Durch die deutschlandweite retrospektive Datenerhebung an insgesamt 22 spezialisierten Zentren des Kompetenznetzes Parkinson konnte das Studienteam insgesamt 148 fortgeschrittene Therapiewechsel analysieren, da bei manchen der 116 Patienten die fortgeschrittene Therapie auch mehrfach modifiziert wurde. Diese derzeit weltweit größte Fallsammlung zu fortgeschrittenen Therapiekombinationen zeigte eine erneute relevante Verbesserung der Symptome nach einem fortgeschrittenen Therapiewechsel. Die simultane bzw. sequentielle Anwendung einer weiteren fortgeschrittenen Therapie erzielte im Durchschnitt eine vergleichbare Besserung der motorischen Beschwerden, Wirkfluktuationen und Nebenwirkungen wie die zuerst eingesetzte fortgeschrittene Therapie. „Dies ist vor dem Hintergrund, dass in unserem Studienkollektiv mangelnde Symptombesserung bzw. Nebenwirkungen der Vortherapie die Hauptgründe für fortgeschrittene Therapiewechsel waren, besonders bedeutsam“, bewertet Prof. Paul Lingor die Ergebnisse. „Die Menschen werden immer älter und deshalb werden wir uns immer häufiger fragen müssen, was wir für Betroffene tun können, wenn eine fortgeschrittene Therapie versagt. Wir konnten zeigen: Die Erkrankten profitierten vom Therapiewechsel ungefähr so stark wie von der Einstellung auf die ursprüngliche Therapie – das ist ein enormer Nutzen.“  Durch das große Studienkollektiv verbessere die aktuelle Studie die Datenlage deutlich. Auch subjektiv werde der Therapiewechsel von den Betroffenen im Durchschnitt als profitabel bewertet.
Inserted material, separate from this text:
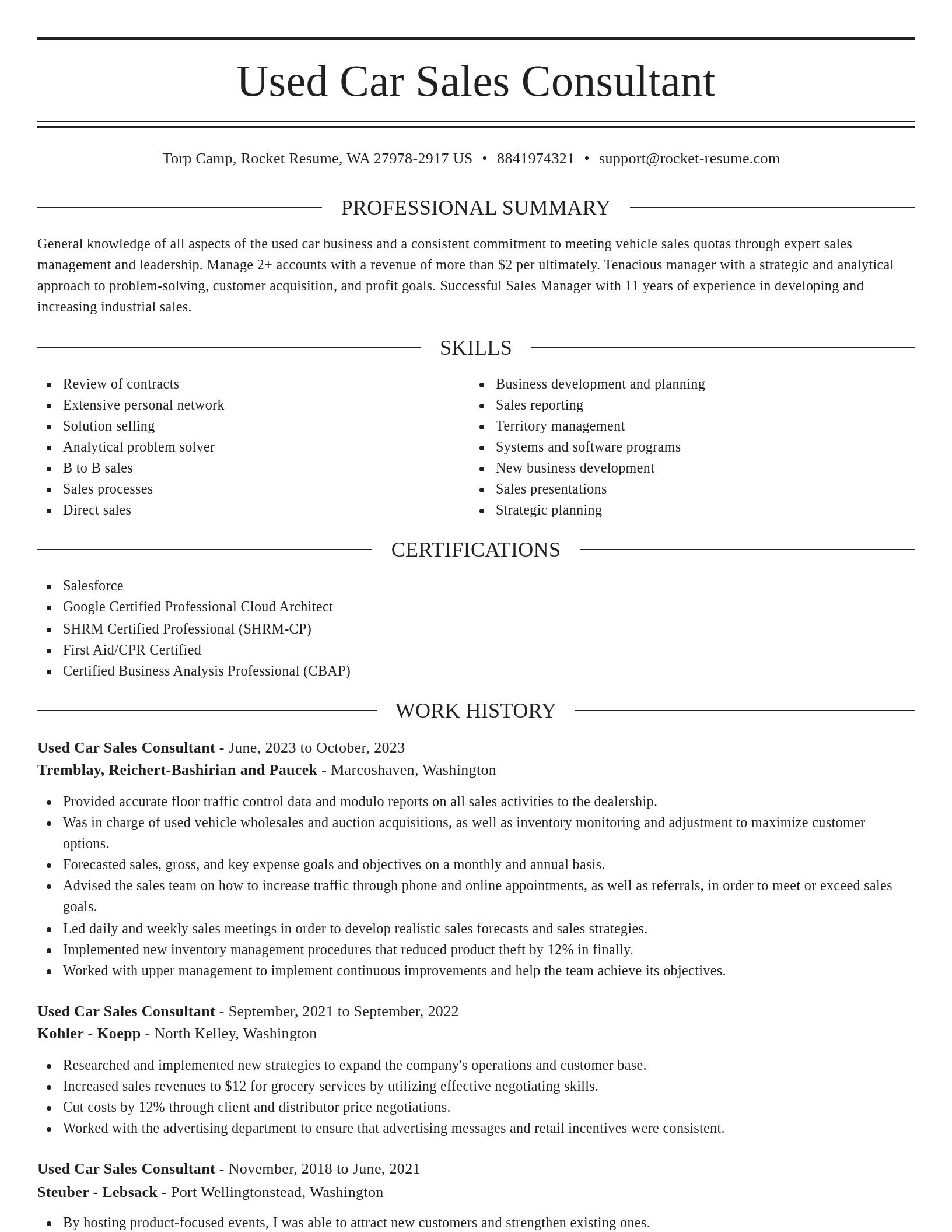 Elegant resume template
Gemäß den Auswertungen sollte die ergänzte fortgeschrittene Therapie abhängig von Art und Nebenwirkungen der Vortherapie sowie von den im Vordergrund stehenden Symptomen des Patienten ausgewählt werden.
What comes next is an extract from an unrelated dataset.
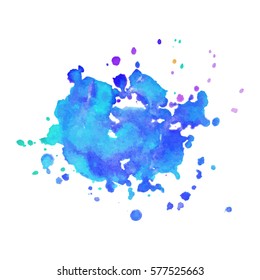 Abstract hand drawn watercolor background. Vector illustration. Grunge texture for cards and flyers design.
Deutschlandweites Register geplant

Die retrospektive Studie zeige, dass im Falle eines Versagens der ersten fortgeschrittenen Therapie ein Therapiewechsel zu einer anderen fortgeschrittenen Therapie erwogen werden sollte, fasst Dr. Dominik Pürner zusammen. „Für Behandler und Patienten eröffnet dies neue therapeutische Optionen“. Zukünftig möchten die Forschenden ein prospektives deutschlandweites Register initiieren, in das systematisch alle Parkinson-Patienten mit gerätegestützten Therapien aufgenommen werden sollen, um wissenschaftlich fundierte Leitlinien für die Kombination fortgeschrittener Therapien zu entwickeln.